2019年1月15日に新庁舎へ移転した渋谷区役所は、これを機にICTを活用した区民サービスの向上と職員の働き方改革を実現すべく、新庁舎プロジェクトを進めてきた。その一環として取り組んだのが住民戸籍課における窓口業務の改善だった。
これまで住民は転入・転出・出生などの届出をする際に、関連する複数の書類に同じような項目を何度も記入する必要があった。また、手続きの窓口が分散しており移動に手間がかかるほか、 窓口での手続きも長時間化していたという。こうした住民の負担を軽減するため、「書かせない」「移動させない」「待たせない」という目標を掲げ、申請書の電子化(ペーパーレス化)によるワンストップ窓口を目指した取り組みが始まった。
渋谷区役所は、ワコムのパートナー会社と一緒に構築した住民異動受付支援システムを導入。 住民が持参した転出証明書をOCRで読み込みテキストデータ化することで、書かせることなくシステム上で住民異動届を作成する。住民は、ワコムの液晶ペンタブレットDTH-1320でその届出内容を確認し、電子的にサインするだけで手続きが完了する。
また、住民異動届と同時に住民票の写しの申請などがあった際、基本項目である氏名・住所などは自動で印字できるようになったため、同じことを何度も書かせることが解消した。
合計33台導入された液晶ペンタブレットは、本庁舎や渋谷ヒカリエの区民サービスセンターをはじめ、区内各所の出張所にも分散配備され、2019年(1月15日~12月27日)の1年間で、転入5513件、転出3488件、転居1559件の住民異動届をペーパーレスで処理した。高齢の住民も違和感をもつことなく液晶ペンタブレットを利用しており、「とても便利になった」と好評だという。
DTH-1320の導入により、これまで職員が手書きされた各届出書類の確認や修正、仕分け、保管など時間を要した煩雑な手間を解消し、現時点での届出件数などの統計情報も簡単かつ即時に出力することが可能になった。 こうした業務効率化の効果をコスト換算すれば、今回のシステム投資は十分に回収できているという。また、DTH-1320を使い窓口で記入することにより、住民と様々な会話をする機会が増えたという。

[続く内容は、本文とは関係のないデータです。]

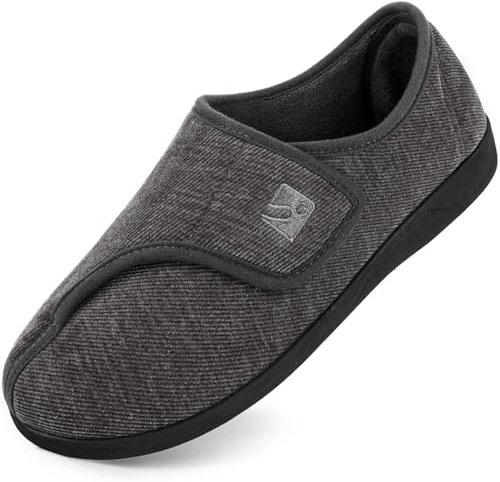 HomeTop Men's Adjustable Chenille Slippers Wide Fit Soft Comfy Non Slip Indoor House Shoes Charcoal Grey, 8 UK,9 US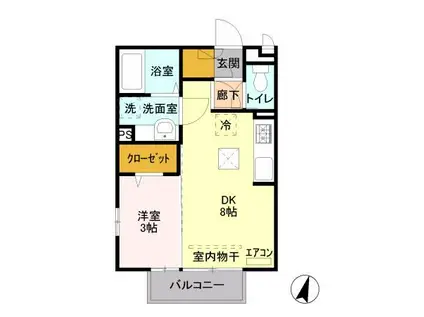 セントラルヴィレッジA(1LDK/1階)の間取り写真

今後は、新住所をタブレット上でタッチペンにより選択しながら届出書を作成するなど、手間をさらになくしていくという。また、将来的には住民異動受付支援システムと住民情報システムとのデータ連携を実現し、住民票の作成入力業務を軽減していく予定。さらに、住所の異動のタイミングによらずいつでも住民票や印鑑証明の申請書に対応できるようにするという計画もあり、住民サービスのより一層の向上を目指す。